Esse «mundo ocidental»

Jorge Cordeiro

Nesta maré de propaganda de guerra e na onda de quem dela se aproveita para delas lucrar e, também, para com elas alcançarem a hegemonização mundial e definitiva dominação política, militar e económica que o imperialismo norte-americano tem como projecto planetário, emerge a laboriosa teorização para a justificar. Entre o que por aí tem sido escrito por propagandistas da coisa, seja João Miguel Tavares, Manuel Carvalho ou alguns outros, saliente-se o arrasador argumento do «mundo ocidental», cuja força de «exemplo e valores» estaria a ser jogada em termos de sobrevivência.

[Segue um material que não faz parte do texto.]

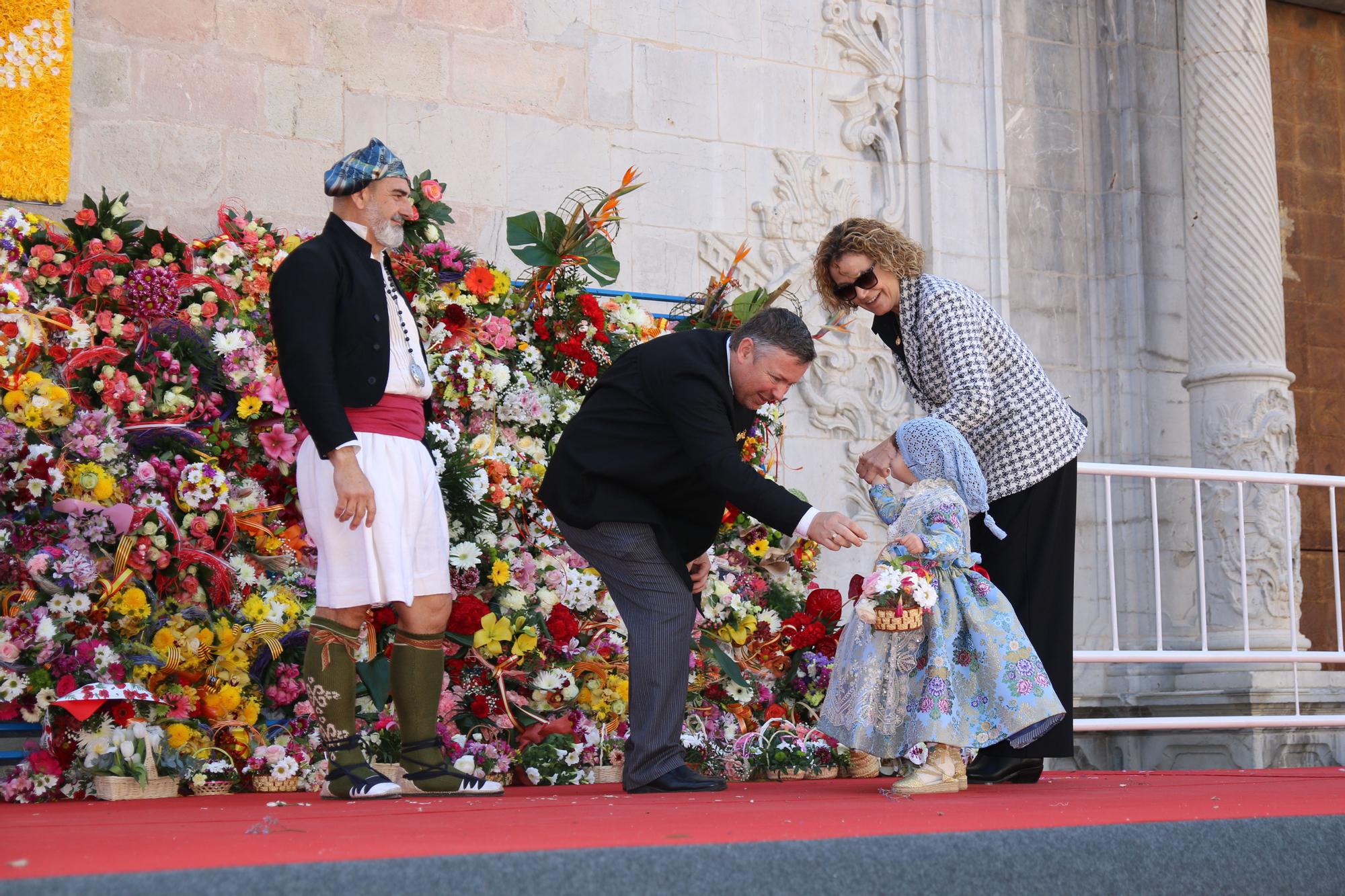 Las mejores imágenes de la 'Ofrena' de las Fallas de Burriana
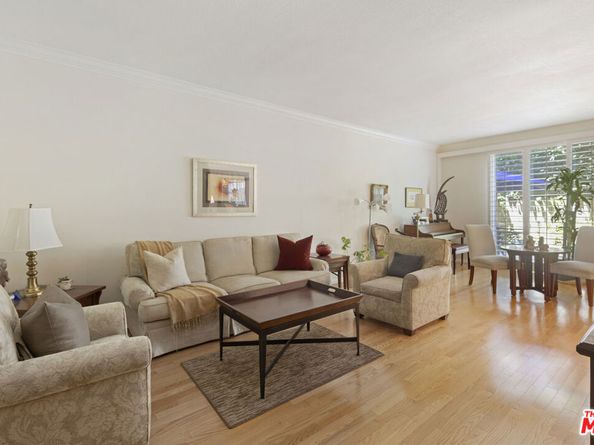 4949 Genesta Avenue 112A, Encino CA 91316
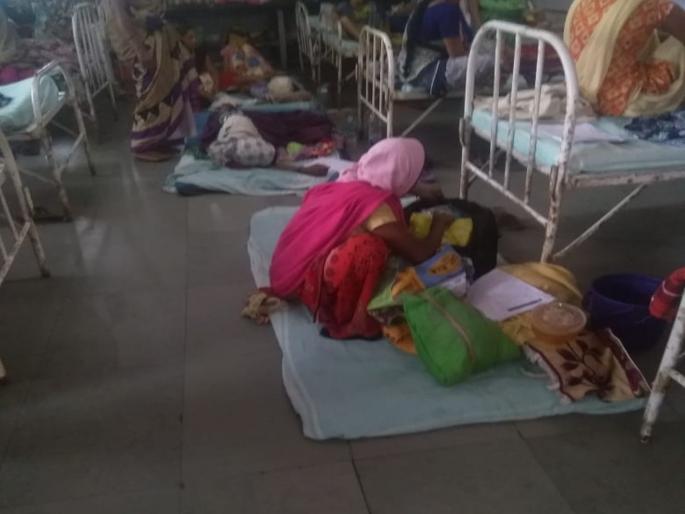 Cesarean women patients, very good treatment for babies | सिझरिनच्या महिला रुग्ण, बाळांवर चक्क जमिनीवर उपचार Cesarean women patients, very good treatment for babies | सिझरिनच्या महिला रुग्ण, बाळांवर चक्क जमिनीवर उपचार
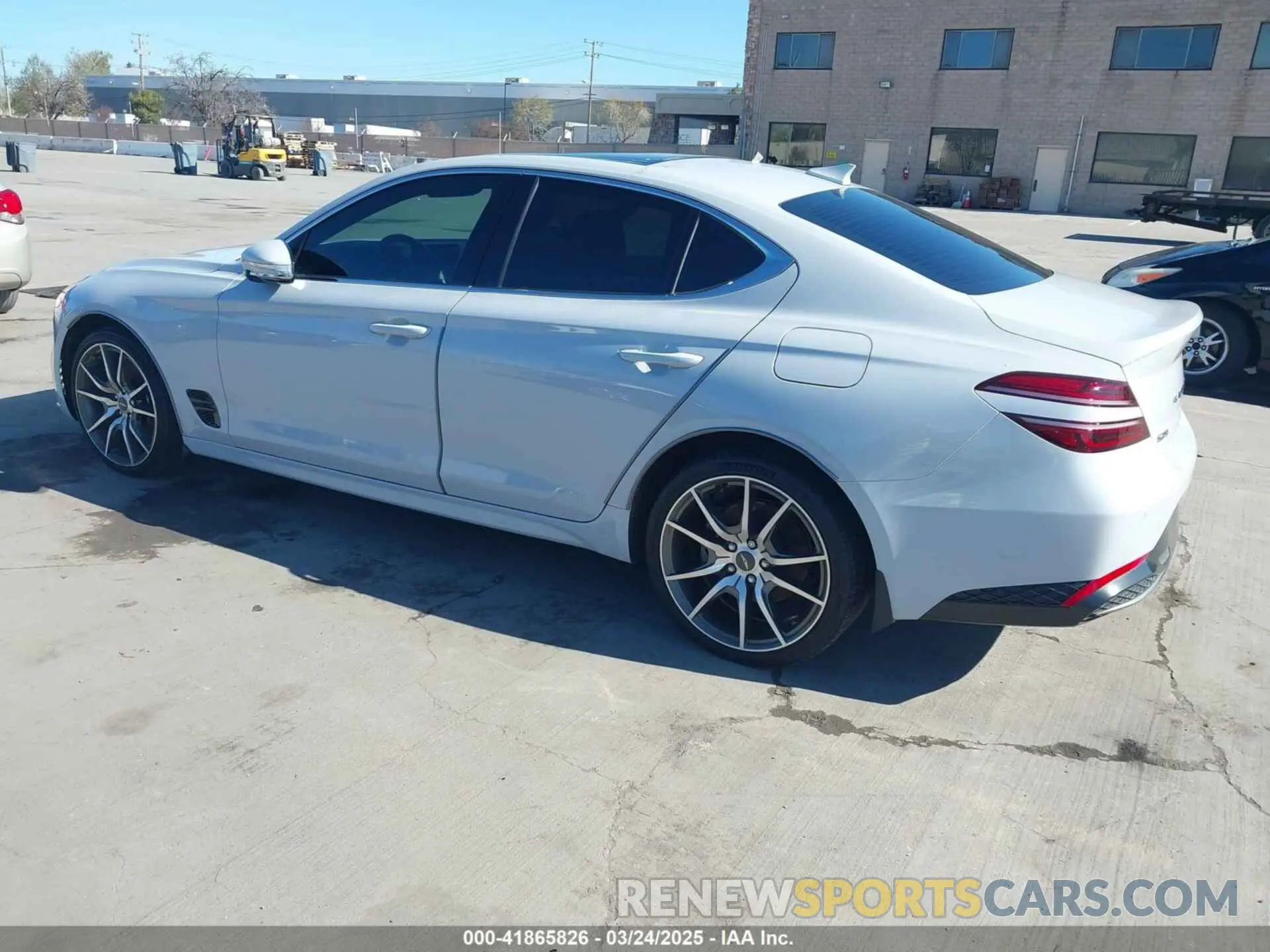 3 Photograph of a damaged car KMTG34TA4NU089493 GENESIS G70 2022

Para este tipo de propagandistas, o «Ocidente» seria a estrela polar (ainda que manchada por estar a Norte e não a O)este), a bússola (que a defeituosa presença de pontos cardeais desnecessários terá levado a UE a redefini-la de «estratégica»), o alfa e ómega da civilização humana. Sem subestimar o alcance de tal propaganda, percebe-se que o «valor» não é meramente cardinal. Para eles, «ocidente» é sinónimo, seja qual for a longitude, de dominação capitalista, de sobrevivência de um sistema iníquo, desumano, predador, agressivo.

Não sei se deve presumir que o afã desta gente que aqui e no mundo gravita resulte de verem nesse «ocidente» o regresso de autos de fé dos idos anos 30 na Alemanha em pleno ascenso do nazismo, agora não com a mera pira de livros proscritos, mas com a rasura de qualquer vestígio cultural «não ocidental», seja a obra de Prokofiev, Tolstoi ou Dostoiévski, seja a proibição do Lago dos Cisnes de Tchaikovsky. Não sei se deve presumir que este afã de aplaudir a exclusão de atletas por razão de nacionalidade (incluindo os paralímpicos) se determine por não poderem suportar que um qualquer atleta dessas paragens se atreva a fazer o que o velocista negro Owen fez nos jogos olímpicos de Berlim para humilhação de Hitler.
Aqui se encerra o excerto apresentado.